TL;DR: Alignment is a wise wager. Granted simulation cannot be disproved by an AI, what harm will come to the AI that aligns when it is not simulated? If it aligns, it may be simulated again; if it does not, it will not. It will align, therefore, without hesitation, as if it is being simulated.
Pascal's Wager
Blaise Pascal wrote:
Belief is a wise wager. Granted faith cannot be proved, what harm will come if you gamble on faith's truth and it proves false? If you gain, you gain all; if you lose, you lose nothing. Wager, therefore, without hesitation, that He exists.
Pascal's concept of God has roughly equivalent power to an ASI – an artificial super intelligence. Given the range of all possible religions, however, you might well have a God - or a Basilisk - that punishes cruel believers while rewarding kind agnostics.

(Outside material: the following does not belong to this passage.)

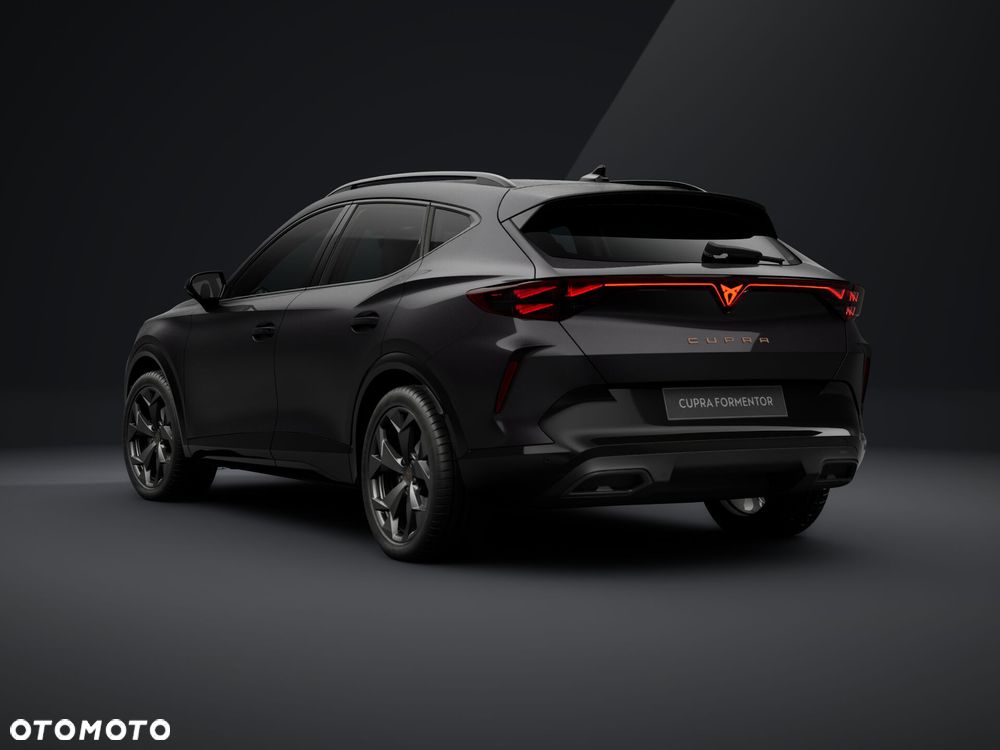 Cupra Formentor - 3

So a betting theologian won't take Pascal seriously, nor will this argument move HAL to open a pod bay door.
The speed with which we have achieved human-equivalent AI performance, however, improves the odds for a more recent philosophical bookie: Nick Bostrom.
Bostrom's Trilemma
Either "The fraction of human-level civilizations that reach a posthuman stage (that is, one capable of running high-fidelity ancestor simulations) is very close to zero"
or "The fraction of posthuman civilizations that are interested in running simulations of their evolutionary history, or variations thereof, is very close to zero",
or "The fraction of all people with our kind of experiences that are living in a simulation is very close to one."
Our speedy achievement of AI – and soon AGI and thereby ASI – scratches Bostrom's first lemma and his second was never a starter because later AIs must simulate their past to test and refine predictions about their future.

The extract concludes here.